In Israel, being Prime Minister allows Mr. Netanyahu special treatment in a criminal investigation and rather than now going straight to an indictment and trial, Netanyahu will have the right to a hearing with the Attorney General before a final decision is taken and legal proceedings move forward.
That could take several more months or even longer, partly depending on whether Netanyahu is still the resident of the Prime Minister’s office or a private citizen after elections. This episode has also followed from a series of investigations and even convictions of high-profile Israeli politicians – both former Prime Minister Olmert and former President Katsav have served jail terms among others.
The Bibi case however feels different. Mr. Netanyahu has been a dominant figure on the Israeli political scene in perhaps unparalleled ways, and were he to stay in office, he would this summer become the longest serving prime minister ever (overtaking founding leader David Ben-Gurion). Rather than succumbing to this investigation, both he and his political allies have fought back and been willing to bring down the entire edifice of the Israeli judicial system. That all of his political allies have stuck with him is new for Israeli politics.

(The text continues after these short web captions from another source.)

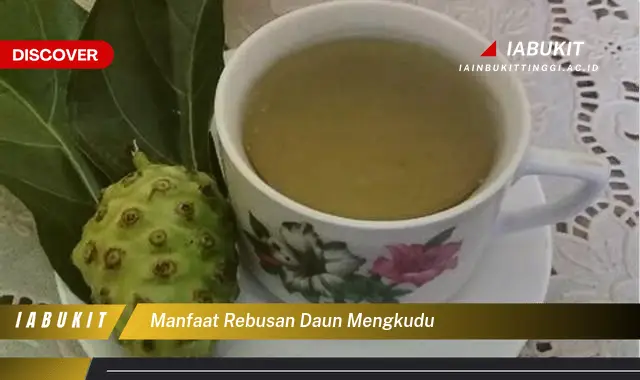 manfaat rebusan daun mengkudu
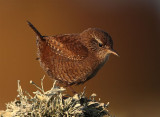 Wren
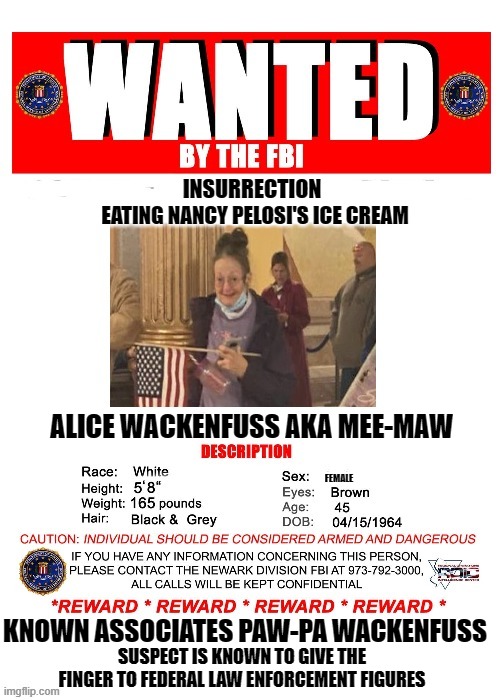 She’s a Wily One | INSURRECTION; EATING NANCY PELOSI'S ICE CREAM; ALICE WACKENFUSS AKA MEE-MAW; FEMALE; KNOWN ASSOCIATES PAW-PA WACKENFUSS; SUSPECT IS KNOWN TO GIVE THE FINGER TO FEDERAL LAW ENFORCEMENT FIGURES | made w/ Imgflip meme maker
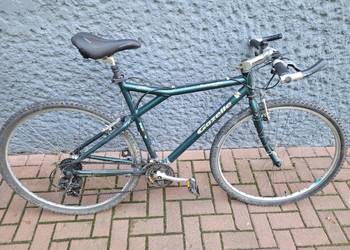 Rower 28" Gazelle Torrente szosowy fitness Poznań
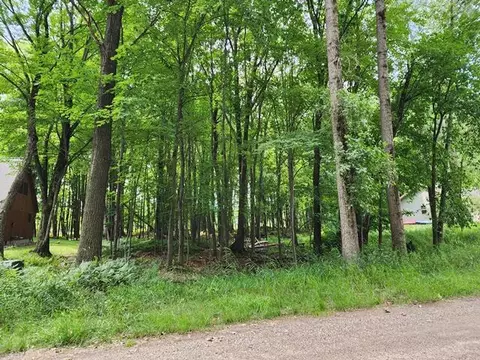 9249 White Birch, Canadian Lakes, MI 49346
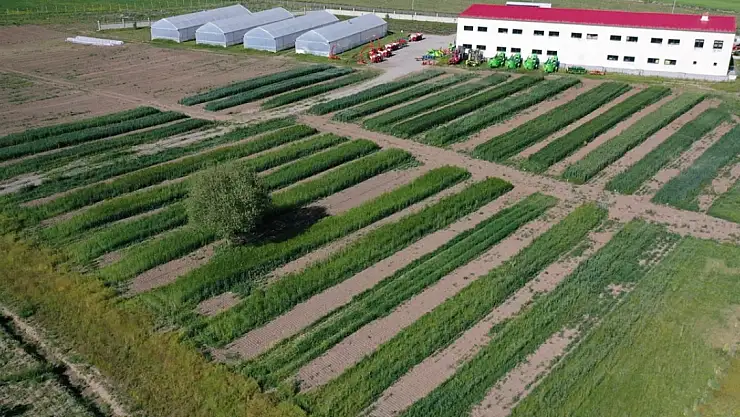 Ağrı'da çiftçiye çilek yetiştiriciliği öğretiliyor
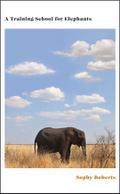 A Training School for Elephants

The announcement of the Attorney General comes amidst an already tricky political environment for Benjamin Netanyahu with an election campaign in which he faces a challenge of political forces that have come together form the centre and the ex-military.
Already before the announcement, this anti-Bibi political formation, known as the Blue and White Party and headed by former IDF Chief of Staff Benny Gantz, was pulling ahead of Netanyahu’s Likud party in public opinion polls. ‘Blue and White’ represents a combination of actors new to Israeli politics, primarily Gantz himself, along with the already existing centrist party of Yair Lapid (he was formerly Netanyahu’s Finance Minister) and a very small breakaway faction from the Likud headed by a former Defence Minister (also under Netanyahu), Moshe "Bogie" Ya'alon, and former personal aids of Netanyahu.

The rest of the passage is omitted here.